Roanoke Times Copyright (c) 1995, Landmark Communications, Inc. DATE: THURSDAY, November 25, 1993 TAG: 9311250102 SECTION: SPORTS PAGE: B1 EDITION: HOLIDAY SOURCE: RANDY KING STAFF WRITER DATELINE: LENGTH: Medium
More size, more muscle, another defenseman and a hot goaltender are at the top of Anzalone's most wanted list.
Until Anzalone is lucky enough to secure at least one of the above, the expansion Express is going to have a difficult time avoiding the basement in the tough Eastern Division of the East Coast Hockey League.
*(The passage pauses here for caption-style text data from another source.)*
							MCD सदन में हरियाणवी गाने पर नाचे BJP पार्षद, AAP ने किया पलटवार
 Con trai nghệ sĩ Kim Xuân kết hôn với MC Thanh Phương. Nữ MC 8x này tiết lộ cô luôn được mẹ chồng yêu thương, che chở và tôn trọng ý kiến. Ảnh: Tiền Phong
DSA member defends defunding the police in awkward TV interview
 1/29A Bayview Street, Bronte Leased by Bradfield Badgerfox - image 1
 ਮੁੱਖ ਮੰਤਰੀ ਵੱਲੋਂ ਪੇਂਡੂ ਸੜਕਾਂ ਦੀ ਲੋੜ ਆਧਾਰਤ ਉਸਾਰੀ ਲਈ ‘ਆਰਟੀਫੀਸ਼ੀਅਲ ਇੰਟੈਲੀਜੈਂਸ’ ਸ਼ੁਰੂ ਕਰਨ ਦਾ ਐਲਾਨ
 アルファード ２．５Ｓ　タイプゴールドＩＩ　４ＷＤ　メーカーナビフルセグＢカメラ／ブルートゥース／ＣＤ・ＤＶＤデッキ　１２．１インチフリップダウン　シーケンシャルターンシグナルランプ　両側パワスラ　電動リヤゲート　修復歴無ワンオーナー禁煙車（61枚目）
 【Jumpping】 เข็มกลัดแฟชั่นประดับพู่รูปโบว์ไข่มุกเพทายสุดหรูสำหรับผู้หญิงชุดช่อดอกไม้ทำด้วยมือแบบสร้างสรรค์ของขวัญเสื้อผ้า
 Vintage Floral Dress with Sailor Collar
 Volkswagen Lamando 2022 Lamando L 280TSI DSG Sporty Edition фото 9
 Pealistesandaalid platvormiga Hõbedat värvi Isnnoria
"We're a small team that is forced to play more of a European-style game right now," said Anzalone, whose club was 6-9 heading into Wednesday night's game in Richmond. "That isn't by design. I'd rather be big and play more of a stand-up, North American-style game. It's just the type of play of players we have.
"To make it work, we're going to have to be up or stay very close in games. It will be hard to come back in games. We may have a game sometime where we're down and come back, but it's going to be a rarity. For the most part, when we're down [the other clubs] can hold our smaller guys up pretty well."
Anzalone desperately needs some additional size and muscle to help captain Dave "Moose" Morissette muck the corners and stand up to the bigger, more physical outfits in the ECHL.
"I thought we may have a couple of big guys coming from San Jose [Roanoke's NHL farm club]," Anzalone said. "But I haven't heard anything yet."
Until some new bodies can be uncovered, the Express will have to run with what it's got. It leaves Roanoke with little margin for error, Anzalone said.
"We're just going to have to work, work and work and don't stop," Anzalone said. "That's how you win when maybe you shouldn't win every night. We're just going to have to find ways to win.
"It looks like we're going to lose sight of the top [of the ECHL East] a little bit now. We've just got to start pecking along now. That's all you can do.
"We're not losers. We've just been losing. We'll do our best to improve our team, whether it be through technology or whether it be through changes."
A hot goalie could cure a lot of woes, Anzalone said. Roanoke's 4.97 goals-against average ranks last in the East and 14th overall in the ECHL.
"Hopefully, sooner or later, our goalies are going to get really hot and they're going to be able to stop some shots we give up on mistakes," Anzalone said. "We play well, we play poor. And when we play poor it's in our net.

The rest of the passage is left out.